Jeff Triplette said that he only reviewed the goalline, not where Green-Ellis was suspected to have been touched prior to falling just short of the goalline. In other news, Marvin Lewis approves of Triplette's ruling.

Scott Rovak-USA TODAY Sports

With 1:14 remaining in the second quarter, the Bengals had a decision to make. It was fourth down from the Colts one-yard line and there were two options presented to them. Take the safe three-point field goal and 10-0 lead, or be aggressive in the confidence that your offense can generate one yard for a touchdown to take a 14-point lead -- or at the very least, force Indianapolis to go 99 yards with a minute remaining if the conversion fails.

Electing to go for it, the Bengals brought defensive tackle Domata Peko into the game as the team's proverbial fullback in short yardage situations. Peko pounded through the hole on the right between right guard Mike Pollak and right tackle Andre Smith. Colts nose tackle Josh Chapman penetrated the line of scrimmage and at some point after that, BenJarvus Green-Ellis stumbled, landing short of the goalline but bouncing into the endzone.

Originally the call was short of the goalline, turnover on downs, Indianapolis Colts ball.

The booth called a review and referee Jeff Triplette went under the hood. Bantering with my twitter folk during the break (should the Bengals have taken the points or gone for it on fourth down), it was expected that the call would be confirmed and that the Colts would take over at their own one-inch line. It appeared that Chapman hit Green-Ellis' foot, causing him to lose his balance and that Green-Ellis' knee touched the ground prior to the football breaking the goalline.

Triplette turned on his mic and said the beautiful words that most Bengals fans didn't expect to hear. Play reversed. Bengals touchdown. Weird. But who's complaining? Now the Bengals have a 14-0 lead with a minute remaining in the second quarter.


People reacted.

After the game, the pool reporter interviewed Triplette (courtesy of Joe Reedy with the Cincinnati Enquirer)

Were there differing views among the officials about whether BenJarvus Green-Ellis was down initially?

Triplette: "There was discussion about whether the runner was touched down at the goal line or not."

What did you see in the review?

Triplette: "When we reviewed the video at the goal line, there was nobody touching him there, and then he bounced into the end zone."

What about the nose tackle? It appeared he might have had a shot at Green-Ellis...

Triplette: "I don't know about that, what position ... There was nobody that touched him at the goal line."

So you didn't look at whether anybody touched him in the backfield?

Triplette: "We looked at the goal line, (those) were the shots that we looked at."

There was a question about whether the nose tackle initially swiped at him and started him tripping...

Triplette: "We reviewed the goal line."

It appeared that Triplette either didn't bother to see if there was any contact prior to Green-Ellis reaching the goal line or he wasn't given that video (which seems rather unbelievable considering it happened a second prior to Green-Ellis falling).

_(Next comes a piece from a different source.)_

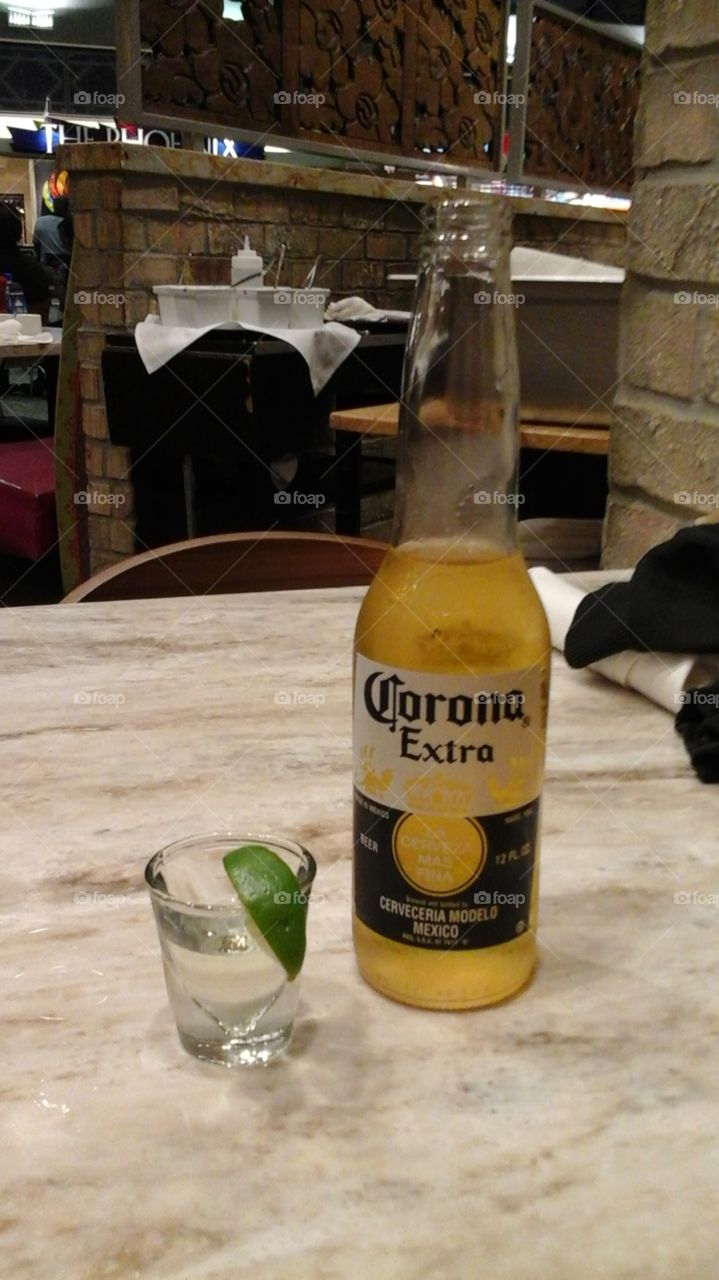 corona. having a drink at the phoenix airport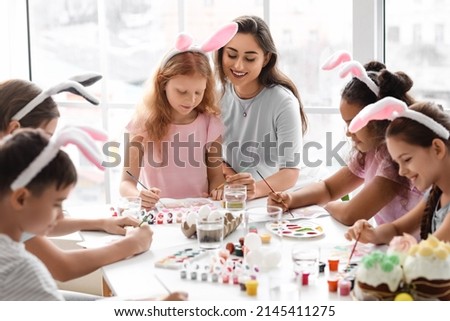 Cute children attending master-class in art on Easter eve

Chapman confirms that he touched him.

"He was definitely down. I hit his foot when I came through," Chapman said via ESPN. "The call is the call, but just have to play through it. I was surprised [when the call was reversed] because I thought I had him. But football is football."

Bengals head coach Marvin Lewis basically just offered, "He wasn't touched." Shocked.

Triplette was the referee during the downs gaffe between the Washington Redskins and New York Giants. During the final drive on last week's Sunday Night game, Redskins quarterback Robert Griffin III completed a four-yard pass to Pierre Garcon after the two minute warning, falling one yard shy of a first down at Washington's 45-yard line.

Some of the officials, including the one's nearest Washington's sideline, motioned for a first down and the chains were moved. Believing that they have a fresh set of downs, Griffin unleashed a deep pass over the middle that fell incomplete. That's alright, it's only second down. No, wait, the officials corrected... it's fourth down.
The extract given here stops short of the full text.